Exercise prompt =>
Reproduce word for word the line holding "Long Chiffon Split Dress With Cold Sleeve" and all lines after it in the data, through the end, leaving out pictures.

[Records excerpted from a collection]
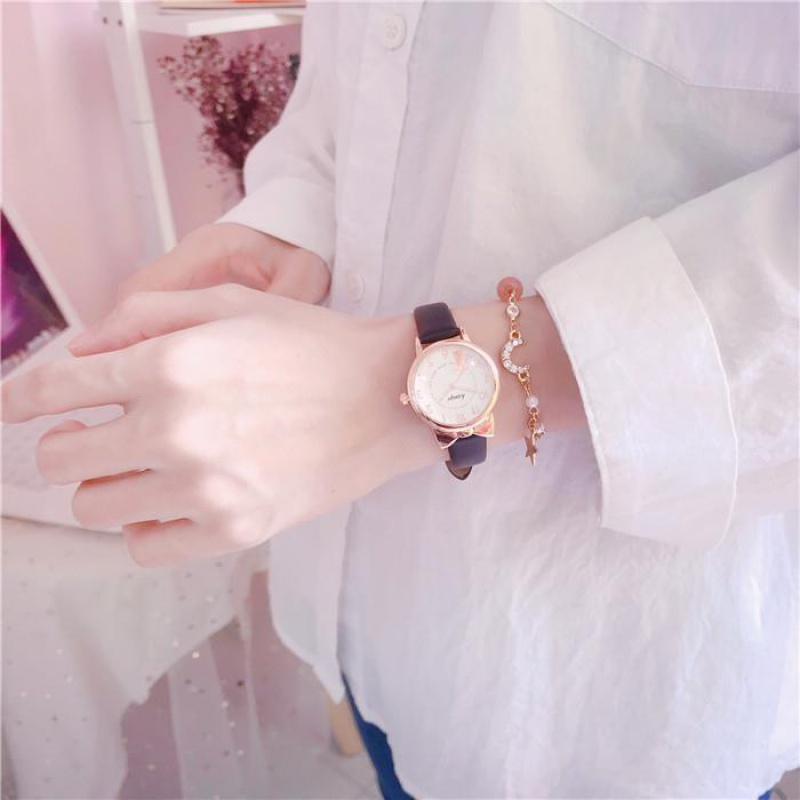 นาฬิกาข้อมือควอตซ์ เรืองแสง กันน้ํา กันตก ลายการ์ตูนน่ารัก สไตล์เกาหลี สําหรับเด็กผู้หญิง และนักเรียนประถม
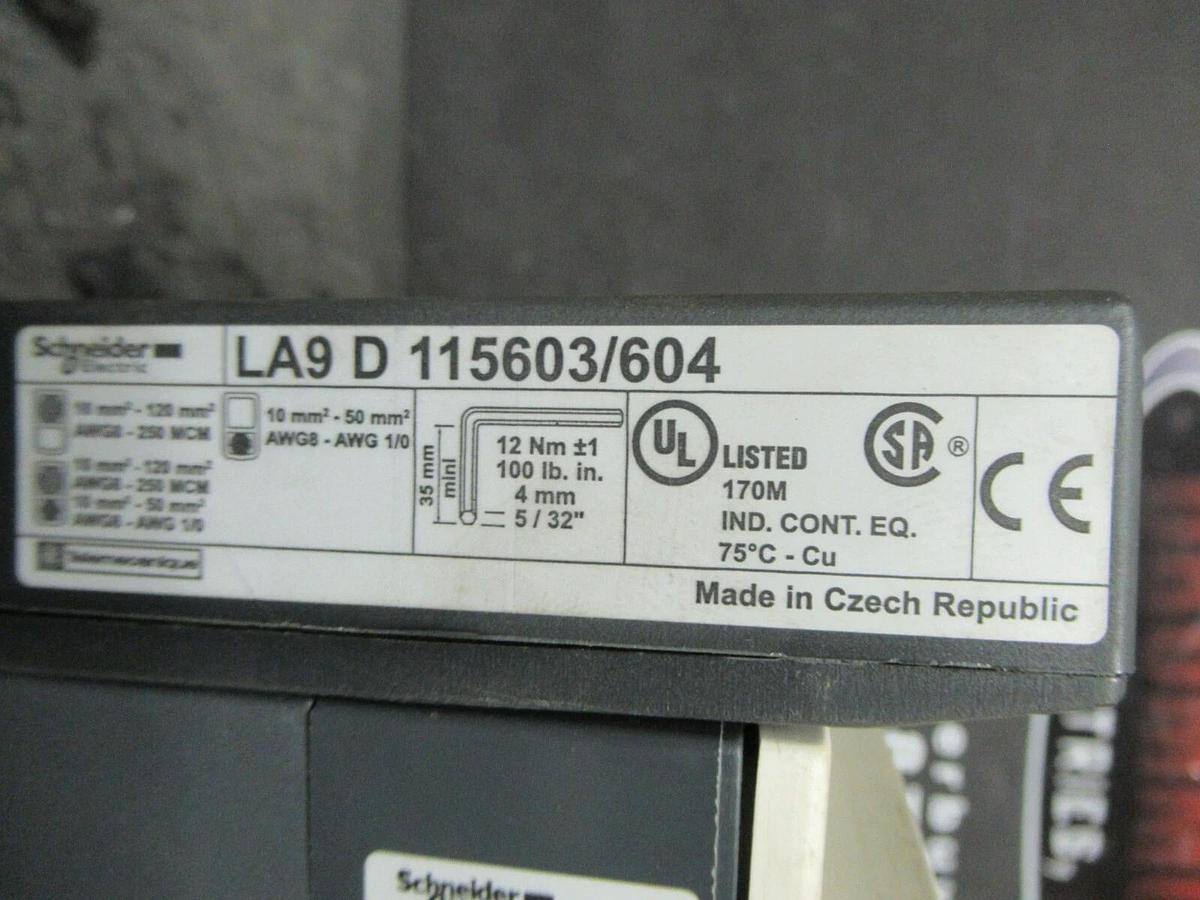 Used SCHNEIDER STARTER LC1D150 160 AMP 600 VOLT 3-POLE 125 HP 3-PHASE W/ LR2D43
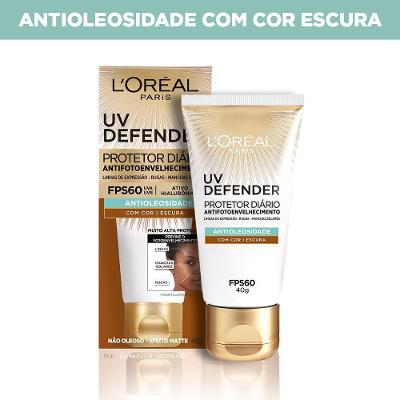 Protetor Solar Facial L’oréal Uv Defender Antioleosidade Cor Escura Fps 60 40g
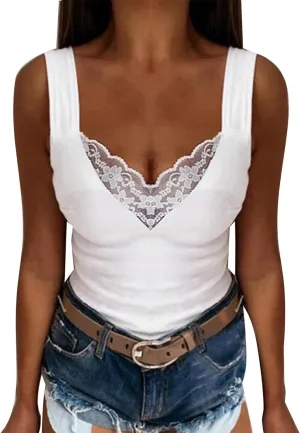 Women's Sexy Lace Camisole Tank Tops 2025 Summer V Neck Solid Color Vest Slim Fit Seamless Shirts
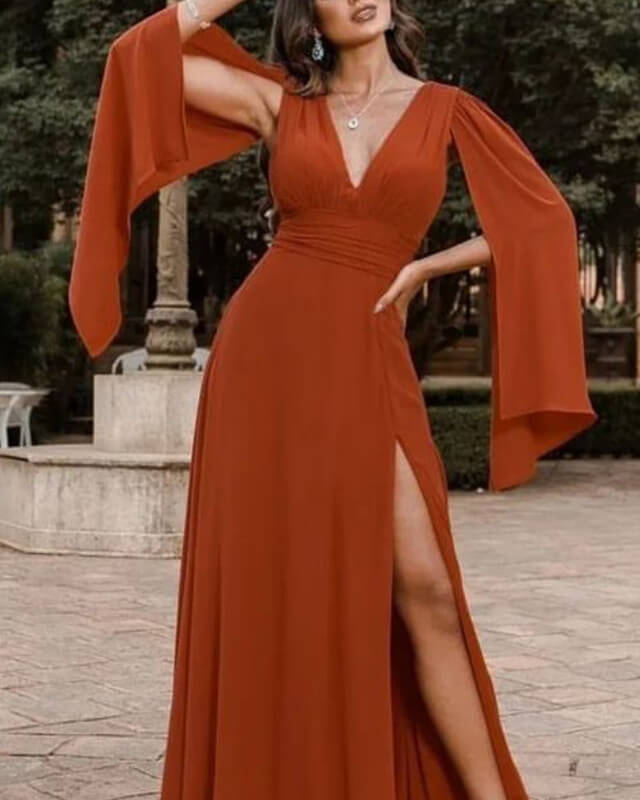 Long Chiffon Split Dress With Cold Sleeve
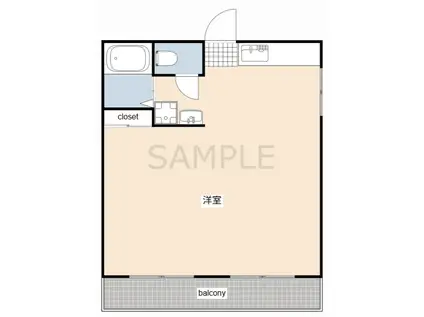 メゾン富田(ワンルーム/1階)の間取り写真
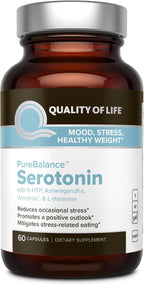 Quality of Life Pure Balance Serotonin Premium – 5-HTP, Venetron, Sensoril, Vitamina D3 y L-Teanina – 60 Cápsulas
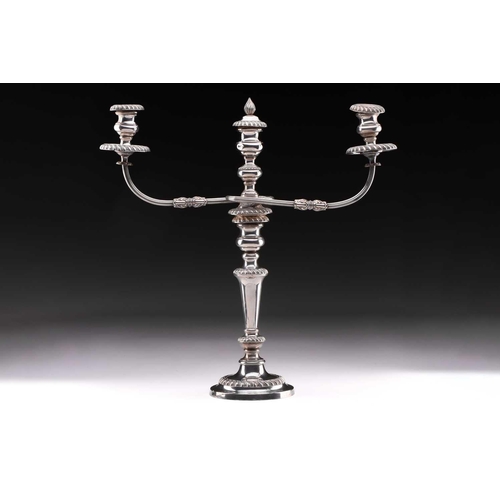 498 - A pair of large silver plated two branch candelabra, the two scroll branches with detachable gadroon... 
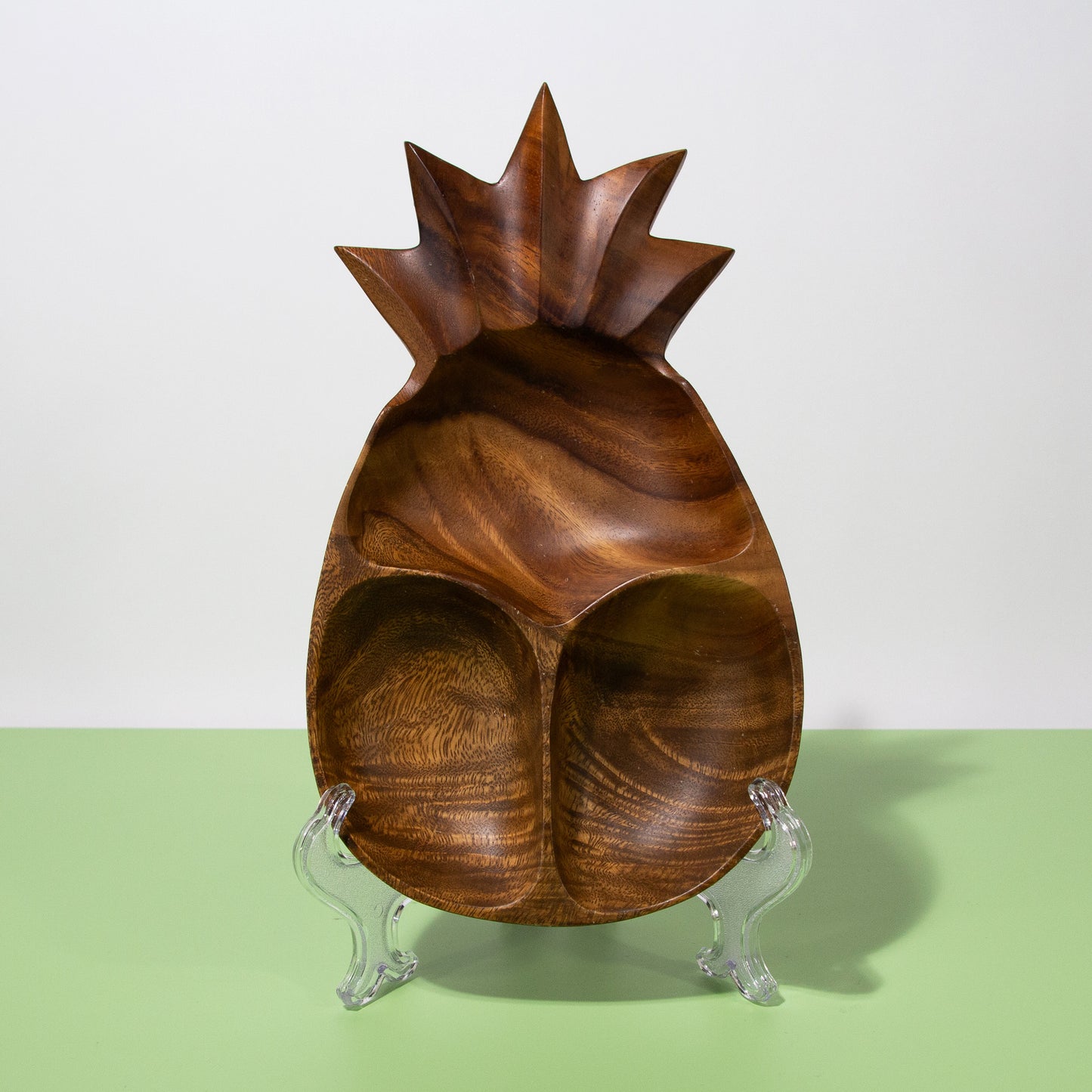 Vintage Pineapple Monkeypod Wood Appetizer Tray, 1960s Mid-century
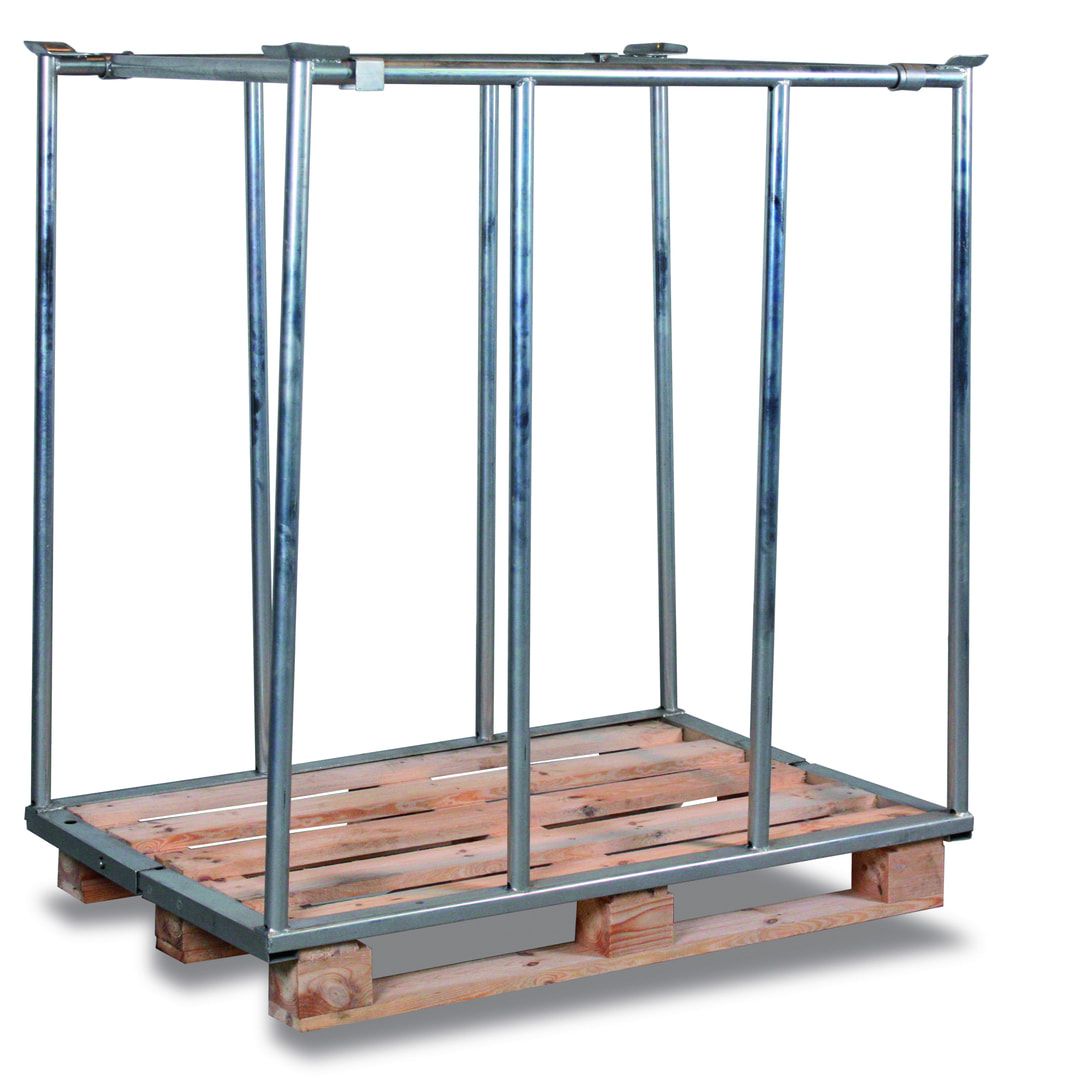 Palettenaufsatzrahmen für Europalette - 1.000 kg - Höhe 1.200 mm - 3-fach stapelbar - Schmalseite offen - lichtblau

Result below =>
 Long Chiffon Split Dress With Cold Sleeve
 メゾン富田(ワンルーム/1階)の間取り写真
 Quality of Life Pure Balance Serotonin Premium – 5-HTP, Venetron, Sensoril, Vitamina D3 y L-Teanina – 60 Cápsulas
 498 - A pair of large silver plated two branch candelabra, the two scroll branches with detachable gadroon... 
 Vintage Pineapple Monkeypod Wood Appetizer Tray, 1960s Mid-century
 Palettenaufsatzrahmen für Europalette - 1.000 kg - Höhe 1.200 mm - 3-fach stapelbar - Schmalseite offen - lichtblau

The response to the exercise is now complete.